Dia juga menjadi pemenang lagi hari ini.
Dia membayar kepada pemiliknya sambil memegang bola salju di tangannya. Chaser menunduk melihat tangannya yang kosong dengan ekspresi jelek di wajahnya.
Jatuh pada tipuan dangkal seperti itu… Mata merahnya sedikit goyang karena absurditas situasi tersebut.
Wilhazelle mengambil bola salju yang dibungkus itu dan tersenyum lebar pada Duke yang tercengang. Senyum liciknya menunjukkan kepuasannya karena telah memenangkan pertempuran hari ini juga.
“Kamu tidak akan pergi?”
Langkahnya yang penuh keanggunan dan keelokan, melangkah maju, ringan bagai bulu.
“Ha…”
Chaser tertawa, bingung, saat melihat Wilhazelle berjalan pergi terlebih dahulu sambil tersenyum. Entah mengapa, dia tidak merasa kesal atau kecewa seperti yang dia rasakan kemarin. Senyumnya, lembut dan cerah seperti matahari, seperti senyum anak-anak. Dia bertanya-tanya kapan terakhir kali dia melihat senyum yang begitu tulus. Semua orang di sekitarnya terus-menerus menyembunyikan emosi mereka, memalsukan senyum mereka. Menyembunyikan niat mereka yang sebenarnya. Bagaimana dia bisa tertawa begitu polos, hanya karena sebuah mainan kecil? Dia wanita yang aneh.
‘Tidak, tidak.’
Dia menggelengkan kepala dan menahan senyum yang berusaha keluar tanpa dia sadari. Apa yang tidak bisa dilakukan seorang penipu? Tidak bisakah mereka membuat siapa pun percaya apa pun kapan saja? Chaser mengikutinya dengan langkah-langkahnya yang panjang, berpikir bahwa Wilhazelle adalah orang yang jauh lebih rumit daripada yang dia kira, dia harus sangat berhati-hati. Tidak ada hal lain di pasar yang menarik perhatiannya selain bola salju, dia mungkin juga mengikutinya dan mengawasinya dengan saksama.
“Hehehe~.”
Wilhazelle meninggalkan pasar sambil bersenandung puas. Ia gembira memikirkan betapa Raphel akan menyukai bola salju itu. Terlebih lagi karena ia telah mengalahkan Duke untuk mendapatkannya. Mungkin karena kesan pertamanya terhadapnya buruk, tetapi ia tidak ingin kalah darinya.
‘Aku harus segera kembali. Raphel mungkin sudah menungguku.’
Wilhazelle berjalan kembali ke kereta, mempercepat langkahnya.
“Aku mau lewat!”
Seseorang berteriak saat suara berderak di belakangnya semakin keras. Ketika Lizelle menoleh, sebuah kereta yang membawa muatan besar sedang melaju ke arahnya. Kereta itu begitu dekat, tidak mungkin dia bisa menghindarinya. Dia pikir kereta itu akan menabraknya jadi dia menutup matanya sebagai respons. Tubuhnya kemudian miring ke samping dan ketika dia membuka matanya lagi, semuanya terbalik.
“Aduh…”
Ujung hidungnya yang terkena benturan terasa perih. Lizelle mengusap hidungnya dan mengangkat kepalanya, lalu melihat Chaser di bawahnya. Tubuh mereka saling menempel erat, tidak ada celah.

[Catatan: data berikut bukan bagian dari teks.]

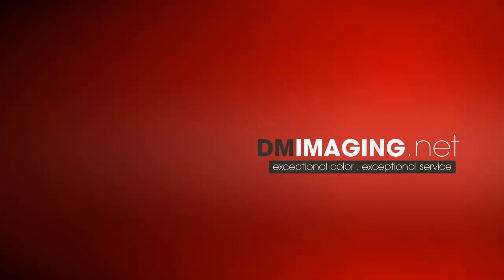That's it for this week. Like us on our Facebook wall for Photoshop articles and more tutorials, or visit our website at dmimaging.net.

“Apakah kamu baik-baik saja?”
Tatapan mereka saling beradu. Suara sekuat lengan yang melingkari pinggangnya menembus telinganya.
Tampaknya dia telah menyelamatkannya dari hampir tertabrak kereta.
“Ya, aku baik-baik saja.”
Wilhazelle mendorong dadanya yang sekeras batu. Ia segera melepaskan diri dari pelukan Chaser, berusaha sekuat tenaga untuk tidak menunjukkan tanda-tanda malu. Chaser juga berdiri, membersihkan debu dari pakaiannya. Kehangatan yang ia rasakan di lengannya sesaat dengan cepat menghilang.
“Maaf. Saya benar-benar minta maaf. Tuanku…”
Pemilik kereta berlutut di depan Chaser dan memohon. Bagaimanapun, dia hampir melukai bangsawan itu, jadi meskipun dia didakwa melakukan kejahatan di sini, dia tidak akan bisa berkata apa-apa.
“Berhati-hatilah.”
Akan tetapi, bertentangan dengan harapannya, Chaser berbicara kepada pemilik itu dengan ekspresi datar dan kemudian mengambil barang-barang yang jatuh dari gerobak.
“Maaf, maaf. Ya, saya akan melakukannya!”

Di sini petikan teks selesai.